A gennaio viene approvata una legge che punisce severamente le manifestazioni di piazza: per protesta la gente scende di nuovo in piazza e gli scontri con la polizia provocano i primi morti. Vengono presi d’assalto i palazzi governativi e i manifestanti ottengono l’abrogazione delle leggi anti protesta, con il rilascio dei prigionieri arrestati durante gli scontri con la polizia. Viene firmata una tregua per porre fine alle violenze, ma il sangue continua a essere versato nelle strade di Kiev. A febbraio il presidente Yanukovich accusa la presenza del colpo di Stato, viene deposto e a suo carico viene spiccato un mandato di cattura internazionale con l’accusa di strage. Nel frattempo torna in libertà l’ex primo ministro Yulia Timoschenko, in prigione dal 2011 per aver esercitato pressioni su un accordo per la fornitura di gas con Putin. Vengono indette le elezioni per il 25 maggio, e ad interim nasce un nuovo governo con premier è Arseni Yatseniuk, capogruppo del partito “Patria” di Yulia Timoshenko.

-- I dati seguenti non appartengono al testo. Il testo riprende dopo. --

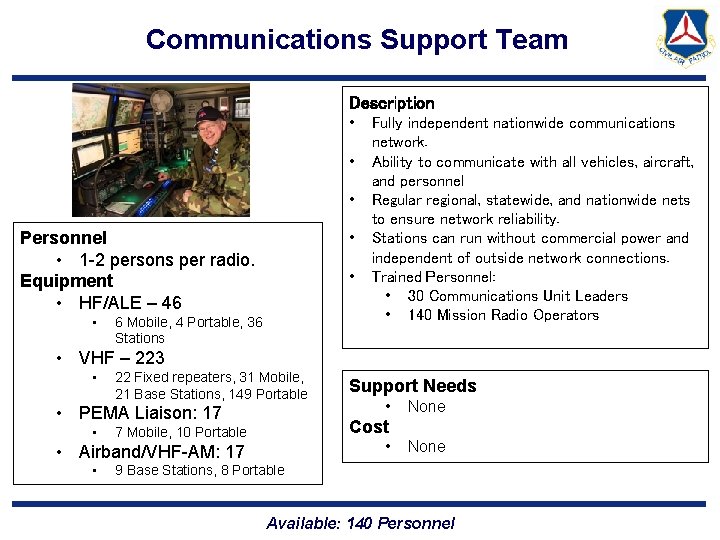 Communications Support Team Description • • • Personnel • 1 -2 persons per radio.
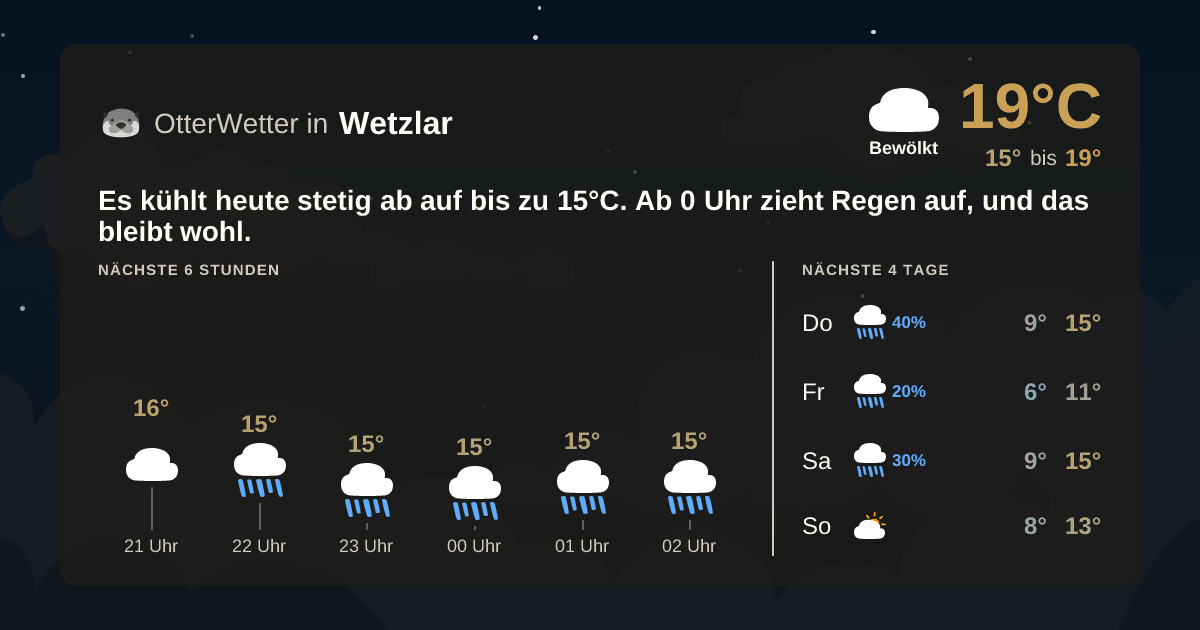 Wetter-Widget-Vorschau mit Vorhersagedaten für Wetzlar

La tensione, intanto, cresce in Crimea: soffiano i primi venti separatisti, viene occupato il parlamento e issata la bandiera russa. La nuova Ucraina accusa Putin di sobillare gli animi e voler provocare un conflitto. Migliaia di militari russi vengono inviati in Crimea, di fatto tornando a controllare la zona. Entra in campo la comunità internazionale, preoccupata per l’evoluzione della situazione, e il Pentagono sospende le attività di cooperazione militare tra Washington e Mosca. L’11 marzo la Crimea dichiara l’indipendenza da Kiev, segue un referendum che ottiene il 97% dei consensi. Stati Uniti ed Europa rispondono all’indipendenza con le sanzioni nei confronti di personalità russe dell'entourage di Putin ed esponenti ucraini filo-Mosca e la Russia viene espulsa dal G8.

La tensione inizia però a salire nelle altre regioni del sud est ucraino, più vicine alla Russia per lingua e cultura. Chiedono la creazione di uno stato federale o l’annessione a Mosca. A Donetsk e nelle altre città vengono occupati i palazzi del potere. Kiev risponde con l’invio di militari dell’esercito per riportare la clama e per impedire che le istanze secessioniste abbiano il sopravvento. Inizia così la guerra civile che è arrivata fino a oggi e che non accenna a placarsi. In mezzo le elezioni in Ucraina e la vittoria di Proshenko, e l’abbattimento di un aereo civile malese che causa la morte di 298 persone. Sullo sfondo il debito che l’Ucraina deve pagare alla Russia per la fornitura del gas che, al di là dell’accordo raggiunto a fine ottobre, rimane e va saldato entro la fine di quest’anno.